What…in the actual fuck…happened with FANTASY ISLAND (2020) that made me so badly wish that my fantasy be my eyes being gouged out and my ears cut off so I wouldn’t have to endure the movie any longer? Add to that an extra fantasy to wipe my memory of its existence after it was all over. Never, ever have I’ve seen a great concept to a feature film, let alone one from an old television show, be so terribly fucked up in its execution. I mean, where to start? This will mostly be a spoiler free review with one big marked spoiler paragraph trying to explain why half of the shit that happens plot and twist wise doesn’t make any fucking sense. The main problem of the movie is this: it didn’t know what it wants to be. Someone in a different review, I believe it was on JoBlo.com pointed out that, while the movie was marketing as a horror/thriller take on an old television show that was the exact opposite, the movie isn’t scary…at all. Then the movie tries to switch gears and genres several times, but never quite fully becomes those genres. It tries to become an action film, but fails miserably at that. It tries to inject some drama into the affair, epic fail. And at one point it even tries to become…a comedy. I’ll let you guess which of the genres it failed the worst at. I’ll give you a hint…I laughed at parts you weren’t supposed to laugh at. Combined with a last minute twist that is so ridiculous that when you look back on scenes beforehand you’d realize it didn’t make any sense, Fantasy Island is a disaster…at Frye Festival like proportions.

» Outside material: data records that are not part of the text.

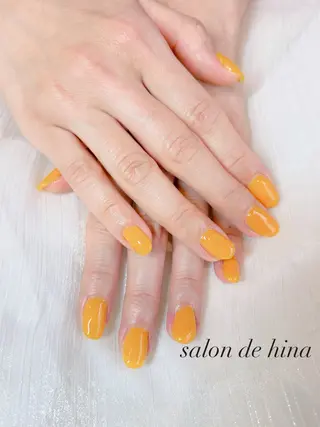 ネイル salon de hina所属・hina Aiのネイルデザイン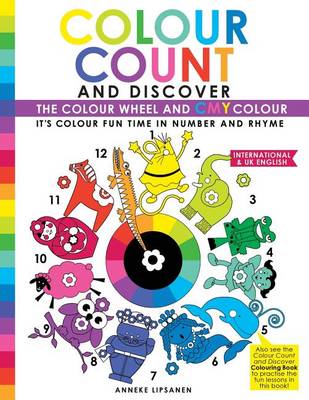 Book cover for Colour Count and Discover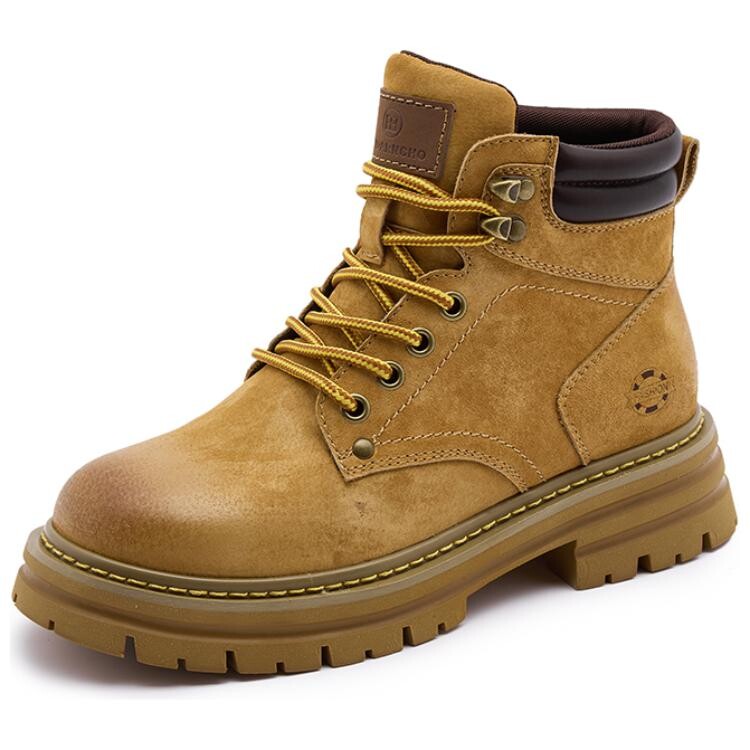 

Ботинки Martin Boot женские Acemicky, цвет Earthy yellow and fleece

If you live under a nostalgic bridge, you should know that Fantasy Island was first a very popular show aired in the late 70s and finished in the early 80s. It starred Kahn errr…Ricardo Montalbahn as Mr. Roake, who, along with his small person sidekick Tattoo, ran an island where literally anything you desired could become true. There was no limits to your imagination. That show, from the few episodes I’ve seen, I was born in 1986, mostly mixed comedy and some drama (a little dash of the supernatural) with a little dash of adventure, and (from what little I saw) mixed those genres really well. The islands visitors fantasies were grand and imaginative, but as you could guess, they wouldn’t go quite as how they pictured things, but then again, it limited itself to comedy, drama, and some adventure. This film, at first, tries to do milk the one untapped resource that the television show never represented: horror. And, pun intended, it does so horribly. Instead of just sticking to horror, the real problem with the movie is that it changes its mind constantly throughout the film what it wants to do with the source material. And it does so because it feels like what they were doing previously wasn’t working. They are correct, and in that case, while they were writing the damn script, they should’ve just given up and threw it in the garbage, knowing not to mess with what came before. That or hire writers that were actually up to the task of bringing something meaning full to the big screen. Nope, they had to endure, and what they thought would be the perfect mixture of all genres you can think of (a la the recent Parasite, seriously, if you haven’t seen Parasite yet you are a moron), ends up being a Frankenstein monster of different pieces that are duct taped to a whole with absolutely no stability whatsoever.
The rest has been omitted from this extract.